There’s also the question of where we draw the line between readable source code and unreadable blobs of generated code. Otherwise we could just take the C code that GHC can already generate (that is how people port GHC to new platforms).
I would think it would be easier than programmatically refactoring from GHC’s AST because doing that would require recreating the code to understand and desugar each language extension (and typecheck everything first), which is arguably almost everything GHC does to get to Core. Also, what I was suggesting would be future proof, in that new language features/extensions wouldn’t require updating anything to keep it working. (It’s true though that it would only need to handle the language extensions the GHC uses and Hugs/MicroHs don’t support, but I don’t know how much easier that makes it.) And ending up with something potentially even simpler than Haskell 98 seems appealing.

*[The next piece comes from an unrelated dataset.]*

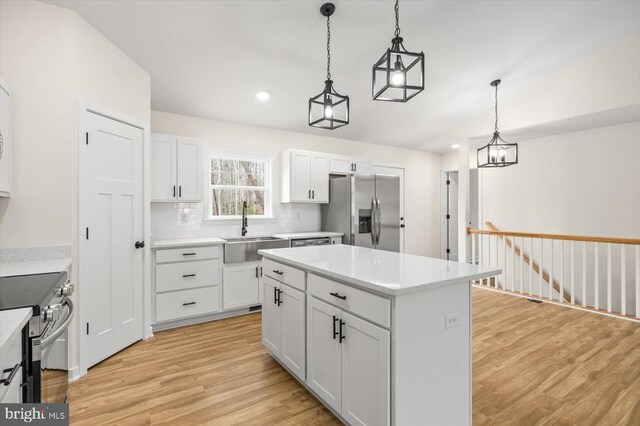 kitchen featuring pendant lighting, sink, white cabinets, a center island, and stainless steel appliances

But as you said, compilation targeting C would do the job just as well. I had thought that feature no longer worked, but even if so then fixing it might be the most productive use of effort. I don’t know if it matters if it’s readable as long as it’s architecture/platform independent.
While that could also be an interesting exercise, would it get us any closer to bootstrapping GHC, i.e. to compile GHC without relying on having an already-compiled GHC from the beginning?
If I understand correctly, as current GHC source code uses as-of-now-GHC-only features, you’d need a recent-enough already-compiled GHC to generate the core code, that – in your suggested approach – would then be de-compiled in a further step. So the step of compiling to core (unless done by a bootstrapped compiler) cannot be part of a bootstrapping process.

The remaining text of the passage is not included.